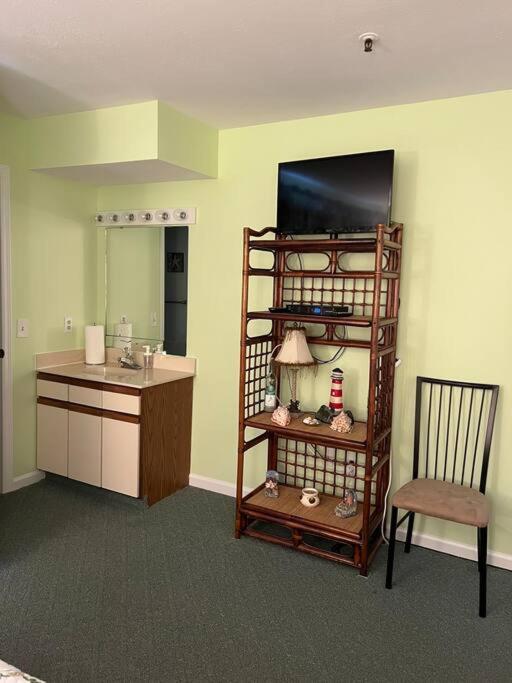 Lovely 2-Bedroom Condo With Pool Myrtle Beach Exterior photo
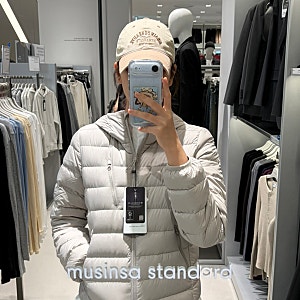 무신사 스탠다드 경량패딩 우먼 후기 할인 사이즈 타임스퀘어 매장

——

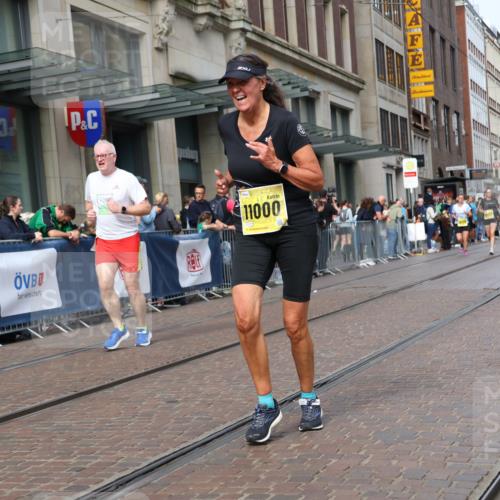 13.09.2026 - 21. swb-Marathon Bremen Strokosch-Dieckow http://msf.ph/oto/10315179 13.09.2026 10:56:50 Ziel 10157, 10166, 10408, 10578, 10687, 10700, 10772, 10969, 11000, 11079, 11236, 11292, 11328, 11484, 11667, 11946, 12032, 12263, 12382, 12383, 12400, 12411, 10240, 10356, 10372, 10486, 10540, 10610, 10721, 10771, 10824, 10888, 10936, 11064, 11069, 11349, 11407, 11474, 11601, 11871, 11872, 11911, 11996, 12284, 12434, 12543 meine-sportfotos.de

——

#### [Task details]
Set the pictures aside and retype exactly the lines above from the line with "Lovely 2-Bedroom Condo" to the line with "무신사 스탠다드 경량패딩 우먼 후기 할인 사이즈 타임스퀘어 매장", both included, adding no others.

#### [Solution to the exercise]
 Lovely 2-Bedroom Condo With Pool Myrtle Beach Exterior photo
 무신사 스탠다드 경량패딩 우먼 후기 할인 사이즈 타임스퀘어 매장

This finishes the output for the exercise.